Amid a new Israel-Gaza war, the world reeling from unprecedented atrocities against Israeli civilians, former Age editor Michael Gawenda reflects on his life as a Jew — the title of his astonishing new book— and on what he sees as a troubling shift towards activist journalism. During the last Israel-Gaza war two years ago, more than 400 Australian journalists and writers petitioned the media to “do better on Palestine,” calling on editors to stop promoting “discredited” spokespersons, “tired narratives” and “both siderism” that “equates the victims of a military occupation with its instigators”. Gawenda says the events of recent days makes the petitioners’ stance, flawed to begin with, appear “even worse.” He thinks these journalists should publicly explain why they signed the petition.
In this podcast interview we also discuss his time as editor at The Age and whether he’d be able to attain such a position if he were starting his career now as “the Jew I have become” — namely, a Jew deeply attached to Israel, one who refuses to denounce Zionism in order to gain admission to the political left.

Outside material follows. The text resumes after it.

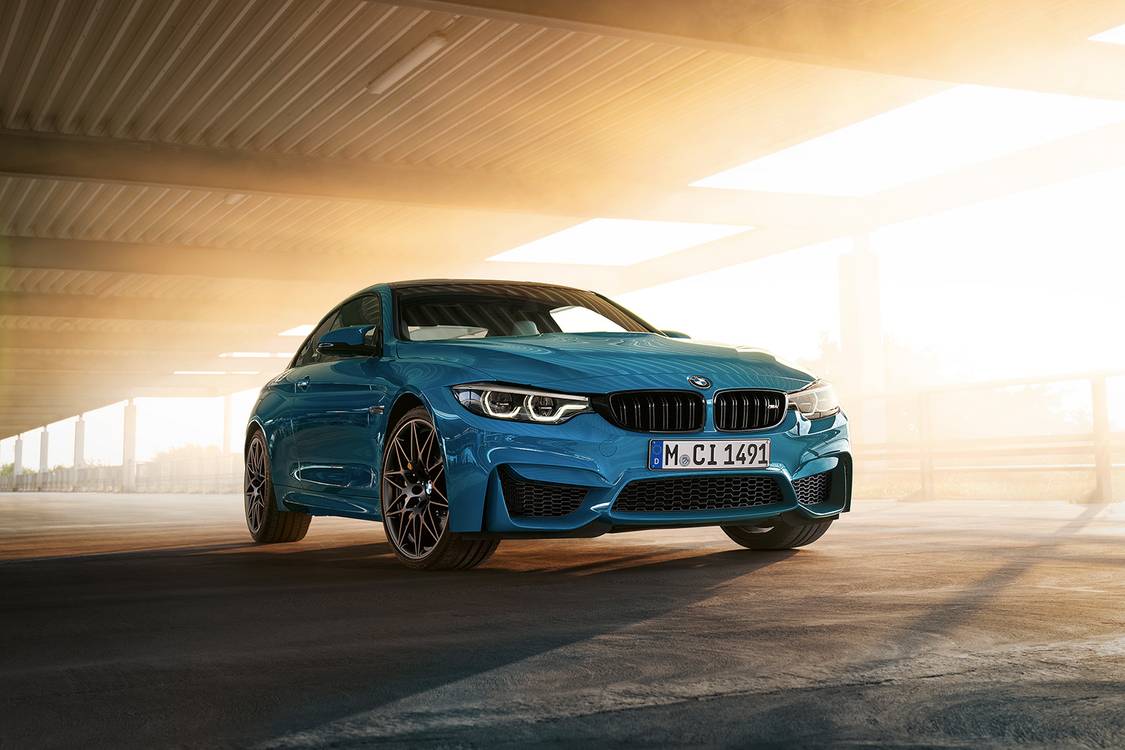 BMW 全新 2020 M4 Heritage Coupes 细节完整曝光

Other Jews are more willing to comply; Gawenda describes them as “anxious Jews”; Jews fundamentally anxious about being Jewish. (They’re hilariously depicted in Howard Jacobson’s The Finkler Question as self-declared “ASHamed Jews.”)
One such “anxious Jew,” in Gawenda’s view, is Louise Adler, his long-time colleague, publisher and former friend. Adler signed the journalists’ petition. Earlier this year she came under fire as director of Adelaide Writers’ Week for inviting Palestinian writers to discuss their experiences of occupation and dispossession to the exclusion of any Israeli voices. Two of the featured writers were accused of peddling anti-Semitic tropes; one had referred to Ukraine’s (Jewish) president, Volodymyr Zelenskyy, as a “depraved Zionist.” Gawenda’s book opens with an account of his friendship with Adler ending “suddenly and fiercely” over Israel. We discuss why he took the extraordinary step of publicly airing this personal falling out.
And we talk about Gawenda’s childhood as the son of Holocaust survivors, the influence of his socialist, non-Zionist youth movement and whether he sees hope of a reconciliation between the Jews and the left. On the latter, he’s optimistic.
In the aftermath of one of the darkest days for the Jewish people since the Holocaust, I, for one, will take any hope on offer.